Sick And Sin: The Allure Of Lace

Published on July 30th, 2011 in: Feminism, Issues, My Dream Is On The Screen, Teh Sex, TV |

By Less Lee Moore

lace title screen

“Incidentally, which one of you bitches is my mother?” has become an iconic piece of television history, especially to anyone who grew up in the 1980s. This infamous line of dialogue—spat, rather than spoken, by Phoebe Cates—from the 1984 TV miniseries Lace, is hardly the most ridiculous thing that takes place during one of the most notorious television miniseries.

The heyday of the miniseries was the 1970s and 1980s, with the most famous example in the genre, 1977’s Roots, remaining one of the most culturally significant as well as lengthy. However, at eight episodes, it’s still shorter than 1981’s British production of Brideshead Revisited, which spanned eleven episodes. By the mid-eighties, the miniseries was usually down to four episodes (The Thorn Birds), or in the case of Lace, a mere two parts.

That’s hardly a series, even by today’s cable television series standards, like The Sopranos, Mad Men, Breaking Bad, or even The Walking Dead. Fear not, however, there is plenty packed into Lace‘s 240 minutes. By this point in time, the miniseries had become increasingly more salacious (remember 1983’s Princess Daisy?) and Lace was no exception.

three musketeers
From left to right: Judy (Bess Armstrong),
Maxine (Arielle Dombasle), Pagan (Brooke Adams)

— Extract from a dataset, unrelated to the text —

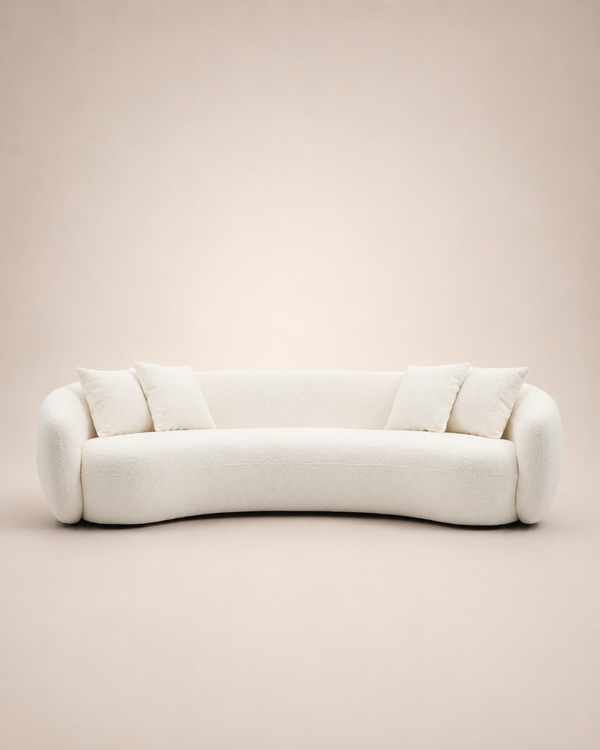 A modern curved sofa upholstered in a soft off-white bouclé fabric, featuring four matching throw pillows, set against a solid warm beige background.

Lace has a fairly simple, if far-fetched plot: Three boarding school chums lose their virginity with three different men. One gets pregnant, but all “share” the burden of the pregnancy by refusing to admit which one of them is actually pregnant. They also decide to send the baby off to foster parents until one of them is “on her feet” (interesting choice of words) and financially able to support the child. After an “accident” kills the foster parents, the female child is presumed dead but as it turns out, she is not. Twenty-four years have passed since her ignominious birth and she is now “Lili” No-Last-Name, international movie star. Bitter despite her success, she seeks revenge on the mother who abandoned her but can only discern that there are three candidates. The viewers, ever on the edges of our seats, do not even learn the true mother’s identity until the very end.

I watched Lace when it originally aired and even then I found it hilariously awful. Part of the problem is that we first meet the Feminist Three Musketeers in 1960 when they are at boarding school, when all the actresses are clearly much older than 16 or 17. Although Arielle Dombasle, who plays Maxine, was 26 at the time of filming Lace, Bess Armstrong (“Judy”) was 31 and Brooke Adams (“Pagan,” née “Jennifer Trelawney”) was 35.

They also don’t act like teenagers, but more like somewhat younger versions of the Sex and the City cast, sex obsessed in a fairly pathetic way and making allusions to the various “perversions” at the school (which are not actually revealed, but more on that later).

As such it’s nearly impossible to take any of their antics seriously, especially when the infamous pregnancy is discovered and Judy exclaims, “What right does a society have to dictate what a woman does with her own body? Especially a society run by men?” It’s a little too pat, especially for a teenager in 1960. One doubts between classes at L’Hirondelle and penning her future bestseller (a steamy novel whose main character is named “Lucinda Lace”) Judy had much time to parse Simone de Beauvoir’s 800-page The Second Sex.

lili in black lace
Not a Prince video: Lili

Even more unbelievable is Phoebe Cates as Lili, who plays almost every scene as if she’s on the verge of a tantrum, MTV’s Real World-style. Despite the fact that her motives for revenge are completely understandable, her barely controlled rage distracts from the actual plot, and more than a few times I found myself having to remind myself what she was so worked up about.

The dialogue is so clichéd as to be laughable and could easily comprise the instruction manual for “How To Make A Cheesy Miniseries.” Lili confronts Maxine’s Aunt Hortense (Angela Landsbury with a bad French accent) with an angry, “They sent me to hell. I’ll teach them what I learned there.” She also alludes to some important future business by telling another character that, “it’s the biggest scene I will ever play.” She even taunts Pagan with stories from “the year I learned how to make money out of making love” explaining that “much of my behavior is from having to appear in pornographic films.” Pagan, who married and is now known as “Lady Swann” is even greeted with a “Lady Swann, I presume” from Lili.

Other characters get to share in the cheesy one-liners. Judy goes on to work at a newspaper, which prompts a scene where her male editor runs out of his office shouting, “Jimmy! Get in here!” Later, she tells her co-worker/future business partner and lover Tom, “Y’know, someday I’m gonna have a magazine of my own.” Down the line she gets an important assignment to cover the war in Vietnam (!) and fends off the sexual advances of soldiers, prompting one to blurt, “Rape in a foxhole; I like it!” If that wasn’t gross enough, she ends up using that as the title of her first book. Later, she does have her own magazine, and calls it, yep, Lace.

Lace‘s first half is practically unbearable to watch because it’s all just so much preposterousness disguised as intrigue. Only when we get glimpses into what happened to Judy, Maxine, and Pagan after Lili’s birth, does anything even remotely plausible and interesting happen.